Normalerweise sage ich ja nichts großartig zu meiner Bildbearbeitung, tatsächlich möchte ich das aber diesmal eine Ausnahme machen da ich die Presets echt ganz cool finde, erwähne und empfehle ich die auch gerne. Zum Einsatz kamen die Presets von Patrick Ludolph. Und nur zur Sicherheit: nein ich bekomme für diese Werbung keinen Cent von Patrick. Vielmehr finde ich sie recht gelungen und dann finde ich, kann man das auch öffentlich sagen, wie immer bei solchen Paketen nicht alle, aber doch die meisten.
Leave a reply
Ein wunderbarer Bericht Mehrdad !
Die Fotos sind (wie immer 🙂 ) Extraklasse, gefallen mir sehr gut und tragen deine Handschrift (auch wenn es andere Presets sind).
Immer wieder schön auf eurer Seite vorbeizuschauen !
LG Wolfgang
Danke Wolfgang!
Hallo Mehrdad,
ich war überrascht und beeindruckt, was ein kurzer Ausflug nach Montreal an Erlebnissen bringen kann. Vielen Dank für deinen Bericht und die wirklich tollen Bilder!
Ich bin selbst nächsten Monat in Toronto und daher bereits gespannt, was es dort zu erleben und anschließend zu erzählen gibt.
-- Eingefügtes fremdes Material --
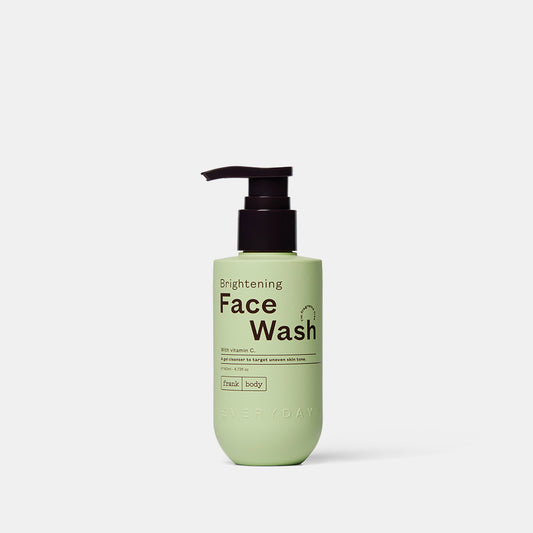 Brightening Face Wash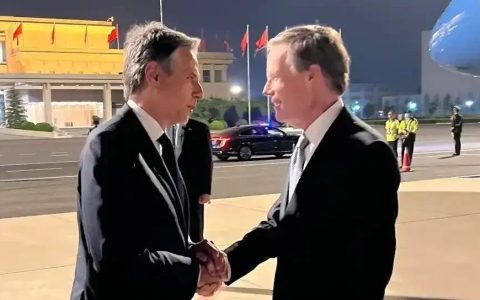 经略西部，普京访华，抓住战略关键点，就找准美国的七寸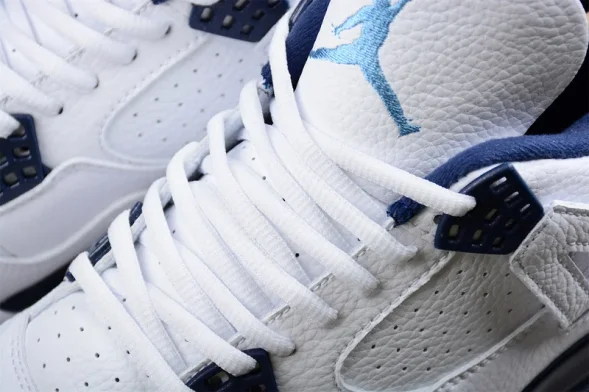  Nike Air Jordan 4 Columbia 314254-107 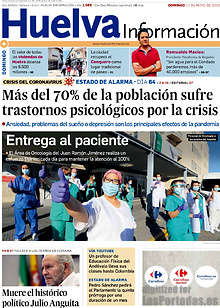 Periodico Huelva Información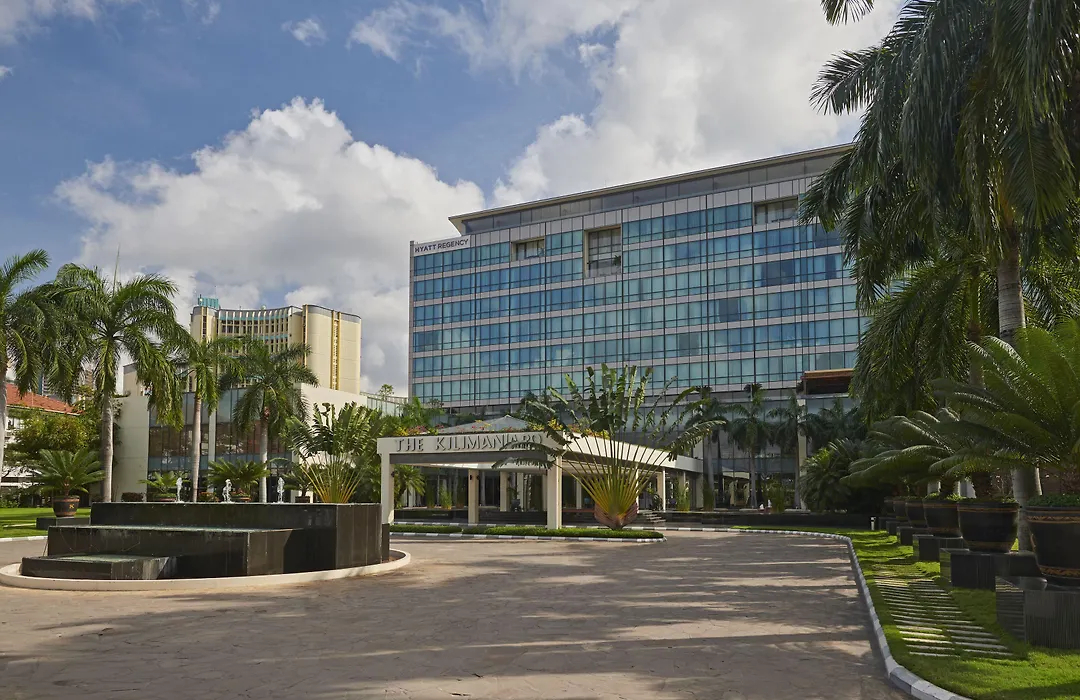 Hyatt Regency Dar Es Salaam, The Kilimanjaro-1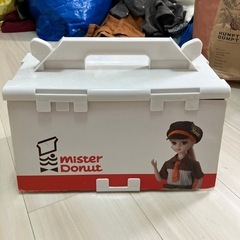 ミスタードーナツおもちゃ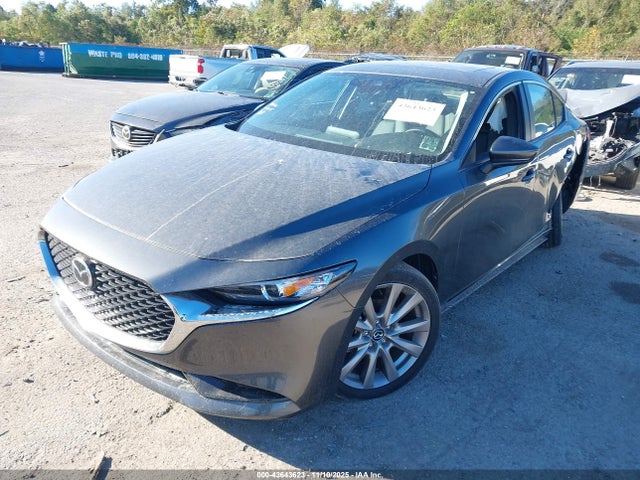 2023 MAZDA MAZDA3 3MZBPACM3PM361462 Photo 1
Auf jeden Fall freue ich mich schon auf die Bearbeitung der Fotos. Die Presets werde ich mir daher mal genauer anschauen 😉
Hallo Peter,
Entschuldige die deutlich späte Antwort. Ist mir irgendwie durch die Lappen gegangen.
Anyway, es freut mich das Dir Bericht und Bilder zusagen.
Ich glaube wenn man die Augen offen hält, neugierig bleibt und sich auch hier und da aus seiner Komfortzone bewegt kann man in noch viel kürzerer Zeit gleiches oder mehr erleben.
Ich hoffe Dein Aufenthalt in Toronto war schön.